What You'll Build
A short looping animation (16 frames, ~512×512) generated from a text prompt by layering the AnimateDiff motion module on top of any Stable Diffusion 1.5 checkpoint inside ComfyUI — the lightweight video option that fits an 8GB card, where the modern 22B native video DiTs (LTX-2, Wan, Hunyuan) do not.
Hardware data: RTX 3060 Ti (8GB VRAM) · SD1.5 path at 512×512 / 16 frames · See benchmark data
ℹ️ SD1.5 path only on 8GB. AnimateDiff also ships an SDXL motion adapter (
mm_sdxl_v10_beta), but the canonical AnimateDiff README states SDXL "Inference usually requires ~13GB VRAM" for 1024×1024×16 — that does not fit an 8GB card. This recipe is scoped entirely to the SD1.5 motion modules.
Requirements
| Component | Minimum | Tested |
|---|---|---|
| GPU | 8GB VRAM (cross-attention optimization enabled) | RTX 3060 Ti (8GB) |
| RAM | 16GB+ (model weights offload to system RAM under low-VRAM mode) | — |
| Storage | ~4–6GB (motion module ~1.7GB + an SD1.5 checkpoint ~2–4GB) | — |
| Software | ComfyUI, Python 3.10+ | — |
AnimateDiff is a plug-and-play motion module — it adds animation to an existing SD1.5 image checkpoint without retraining the base, so you reuse any SD1.5 model you already have.
Installation
1. Install the ComfyUI-AnimateDiff-Evolved custom node
The dominant ComfyUI runtime for AnimateDiff is ComfyUI-AnimateDiff-Evolved by Kosinkadink. Clone it into your custom_nodes folder:
cd ComfyUI/custom_nodes
git clone https://github.com/Kosinkadink/ComfyUI-AnimateDiff-Evolved.git
git clone https://github.com/Kosinkadink/ComfyUI-VideoHelperSuite.git
ComfyUI-VideoHelperSuite provides the nodes for combining the generated frames into a video/GIF. Restart ComfyUI after cloning.

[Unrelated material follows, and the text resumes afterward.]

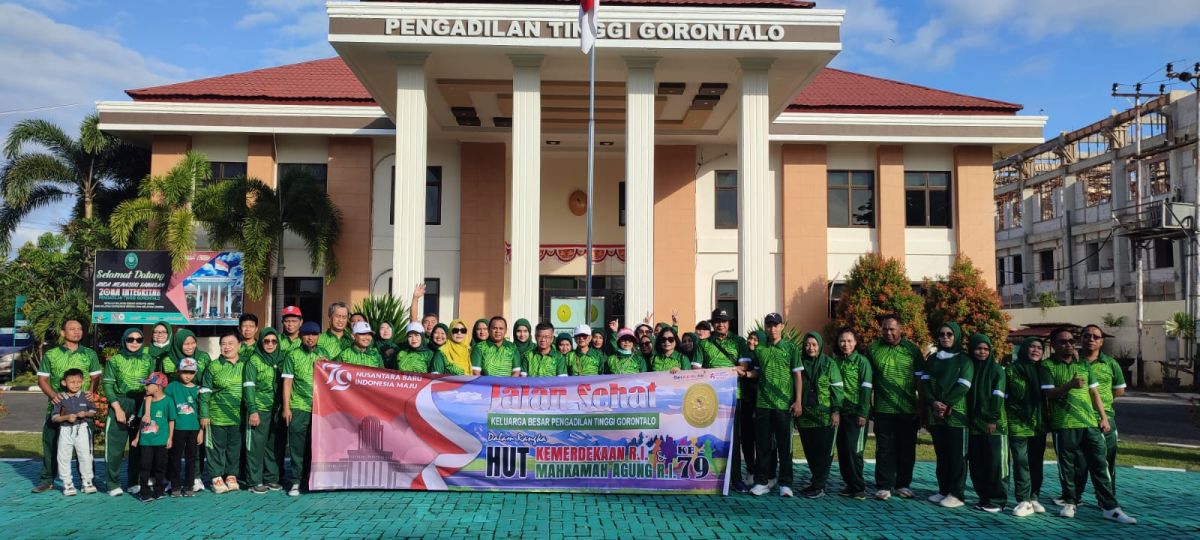 Jalan Sehat Pengadilan Tinggi Gorontalo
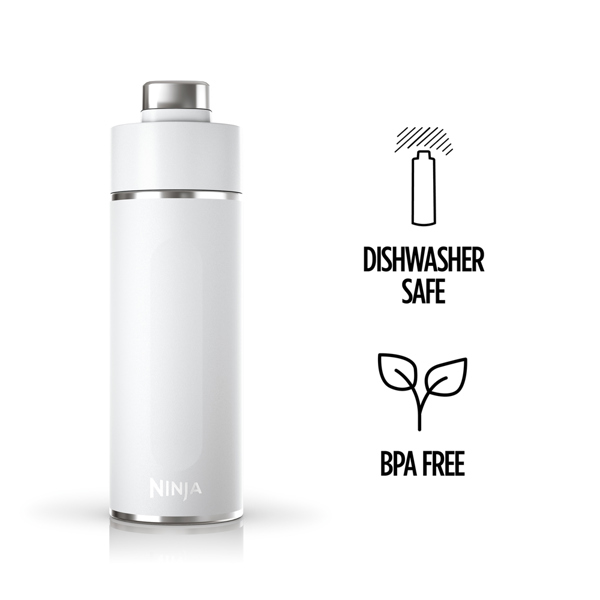 Ninja Thirsti 700ml Travel Bottle (White) DW2401EUUKWH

2. Download an SD1.5 motion module
Per the ComfyUI-AnimateDiff-Evolved README, the original SD1.5 motion modules — mm_sd_v14, mm_sd_v15, mm_sd_v15_v2, v3_sd15_mm — come from the canonical guoyww/animatediff HuggingFace repo. mm_sd_v15_v2.ckpt (≈1.7GB) is the recommended general-purpose SD1.5 module:
cd ComfyUI/models/animatediff_models
wget https://huggingface.co/guoyww/animatediff/resolve/main/mm_sd_v15_v2.ckpt
Place motion modules in ComfyUI/models/animatediff_models (the README also accepts ComfyUI/custom_nodes/ComfyUI-AnimateDiff-Evolved/models).
3. Have an SD1.5 base checkpoint ready
AnimateDiff layers on top of a regular SD1.5 checkpoint (the model that draws each frame). Drop any SD1.5 .safetensors checkpoint into ComfyUI/models/checkpoints/ if you don't already have one.
Running
Build a standard SD1.5 ComfyUI text-to-image graph, then insert the AnimateDiff Loader node (from AnimateDiff-Evolved) between the model loader and the sampler, pointing it at mm_sd_v15_v2.ckpt. Set the latent batch size to 16 (the frame count) at 512×512, then route the decoded frames into a VideoHelperSuite Video Combine node to export a GIF/MP4.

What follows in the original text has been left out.